- [Your assignment]
Write out exactly, and only, the lines below from the line with "El heno apellida" through the line with "Astros #23 Michael"; pictures do not belong in the copy.

- [Extracted records]
* * * *

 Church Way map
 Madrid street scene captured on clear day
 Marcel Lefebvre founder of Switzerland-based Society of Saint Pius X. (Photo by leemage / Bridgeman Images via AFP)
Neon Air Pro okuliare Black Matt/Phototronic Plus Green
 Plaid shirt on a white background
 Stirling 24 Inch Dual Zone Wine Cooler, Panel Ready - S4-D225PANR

* * * *

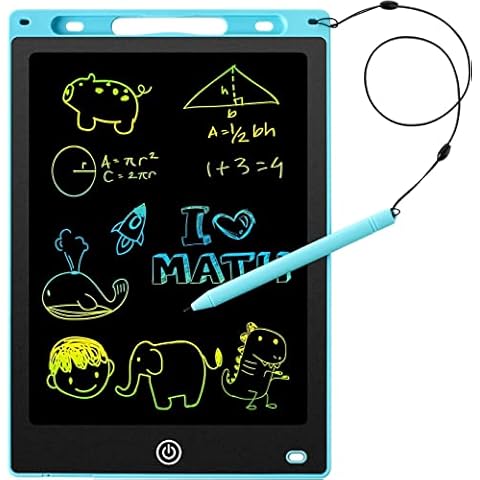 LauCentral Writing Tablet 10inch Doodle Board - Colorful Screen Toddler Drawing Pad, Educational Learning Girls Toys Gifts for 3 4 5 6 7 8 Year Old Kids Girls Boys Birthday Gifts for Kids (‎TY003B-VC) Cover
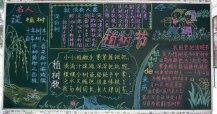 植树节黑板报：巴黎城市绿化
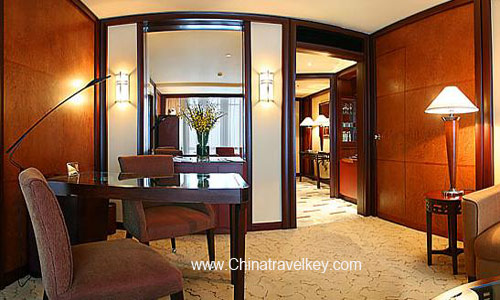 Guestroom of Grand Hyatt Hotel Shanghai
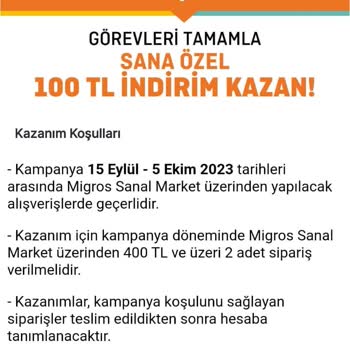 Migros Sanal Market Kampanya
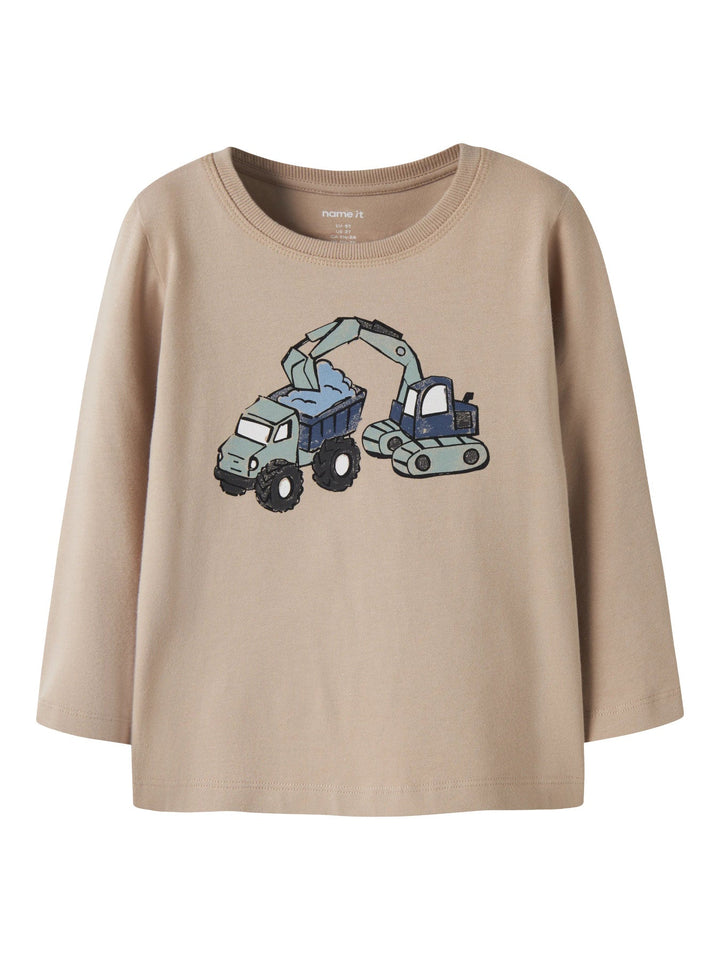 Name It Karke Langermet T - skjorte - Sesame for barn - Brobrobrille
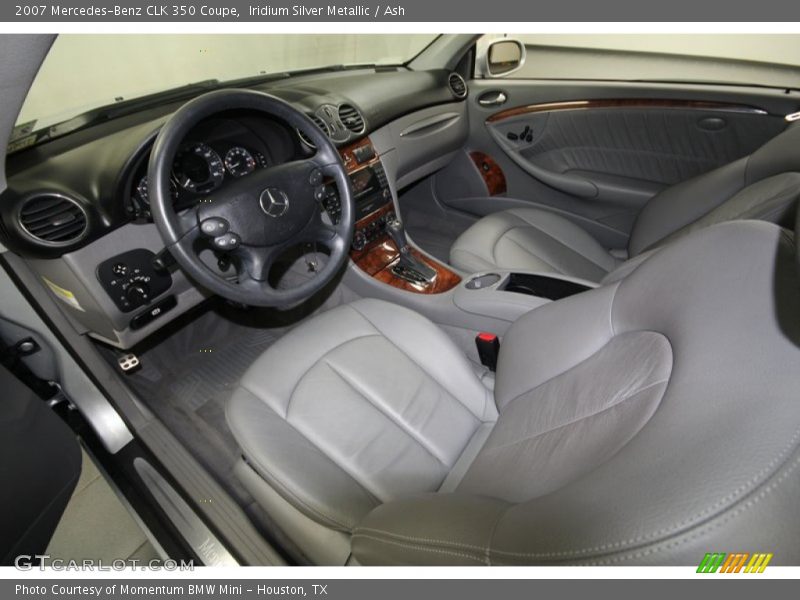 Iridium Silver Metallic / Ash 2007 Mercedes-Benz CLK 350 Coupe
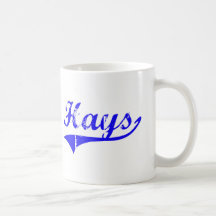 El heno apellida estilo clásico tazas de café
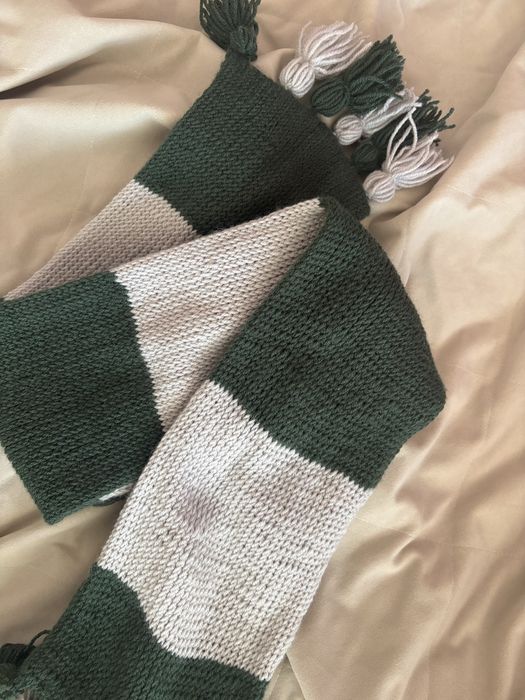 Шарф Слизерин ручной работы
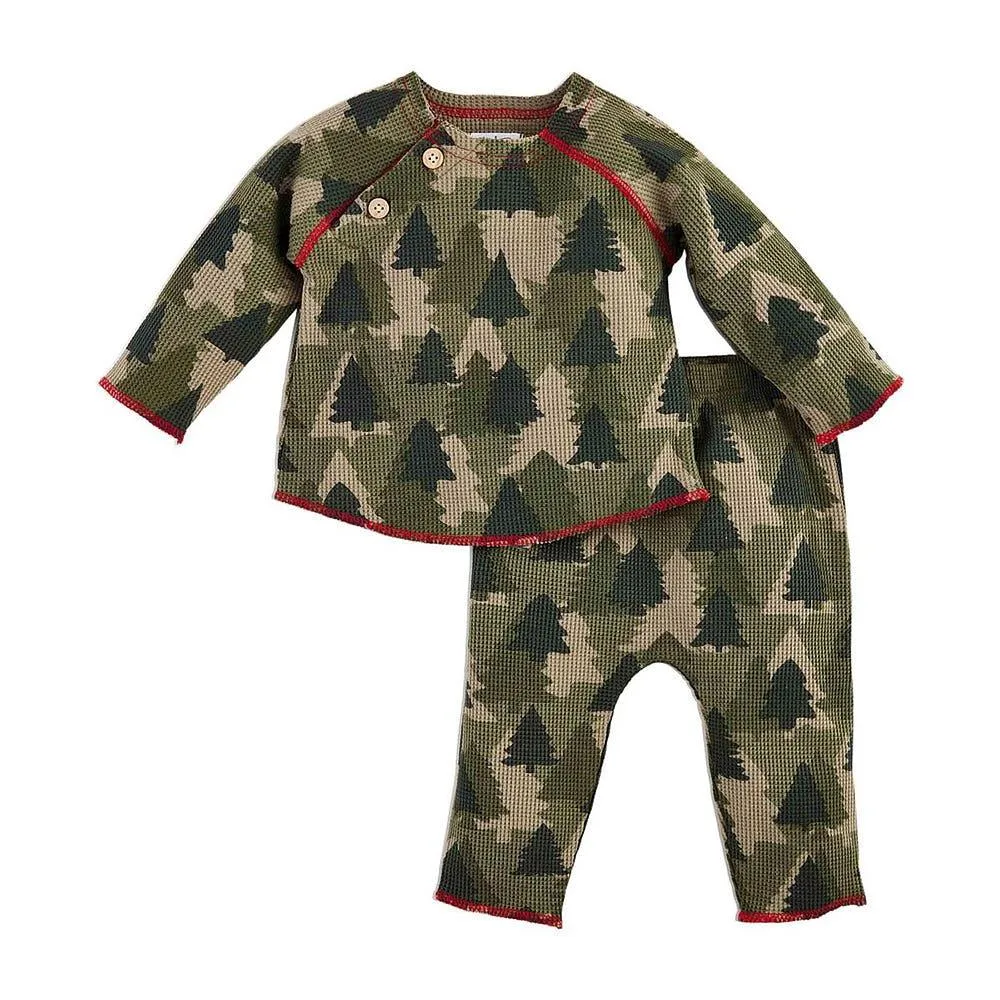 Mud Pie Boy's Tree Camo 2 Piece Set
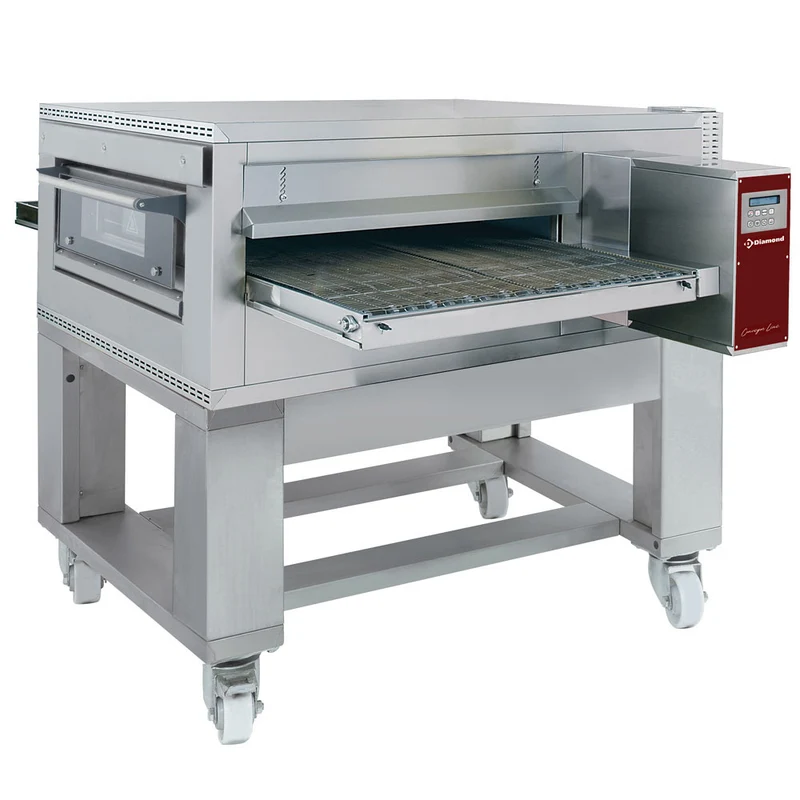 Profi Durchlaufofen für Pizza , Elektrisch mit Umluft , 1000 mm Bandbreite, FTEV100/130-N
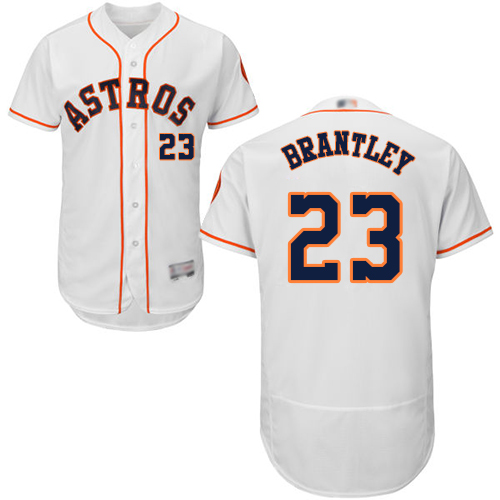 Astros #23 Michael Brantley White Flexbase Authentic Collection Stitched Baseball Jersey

* * * *

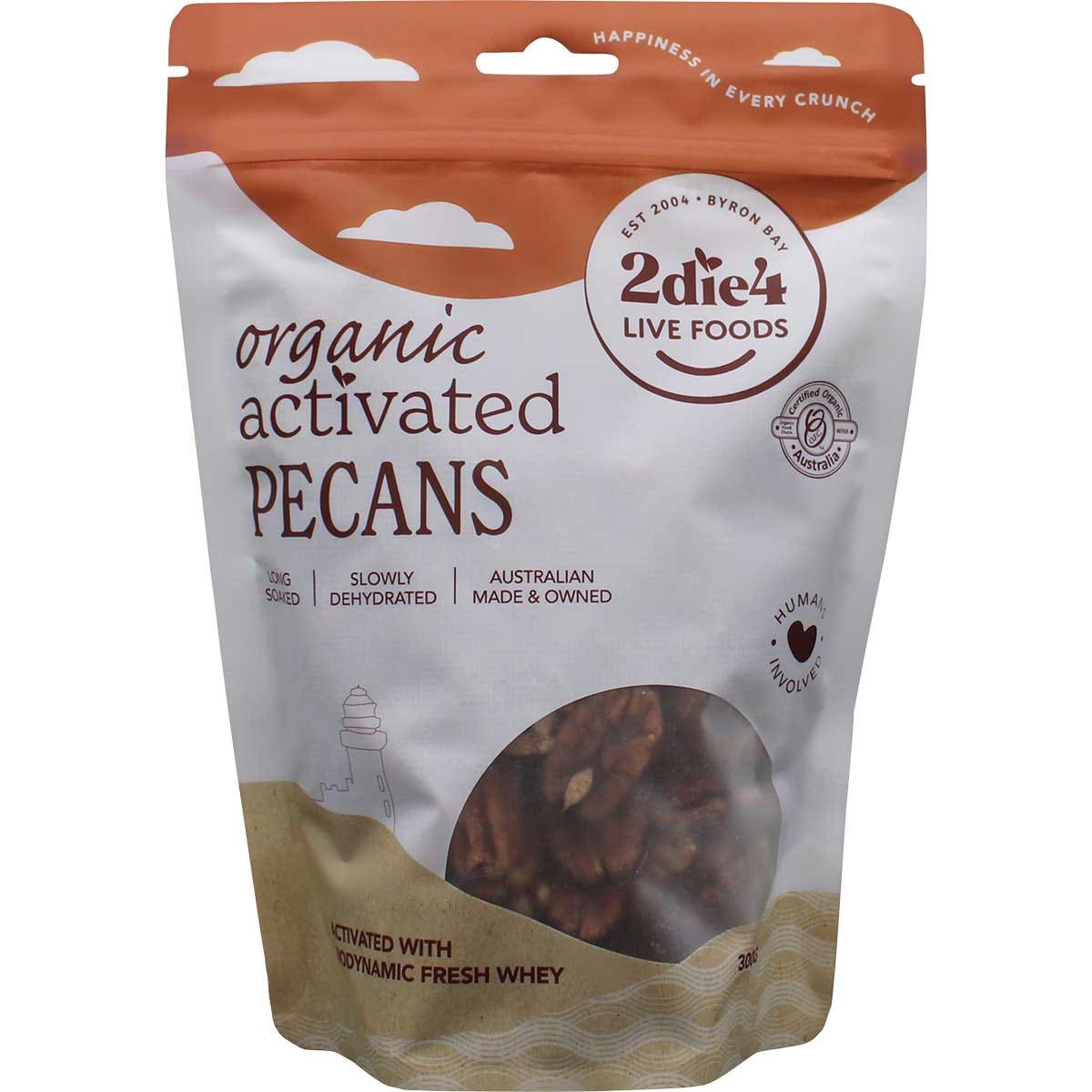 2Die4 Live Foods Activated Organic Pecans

* * * *

- [Answer box]
 El heno apellida estilo clásico tazas de café
 Шарф Слизерин ручной работы
 Mud Pie Boy's Tree Camo 2 Piece Set
 Profi Durchlaufofen für Pizza , Elektrisch mit Umluft , 1000 mm Bandbreite, FTEV100/130-N
 Astros #23 Michael Brantley White Flexbase Authentic Collection Stitched Baseball Jersey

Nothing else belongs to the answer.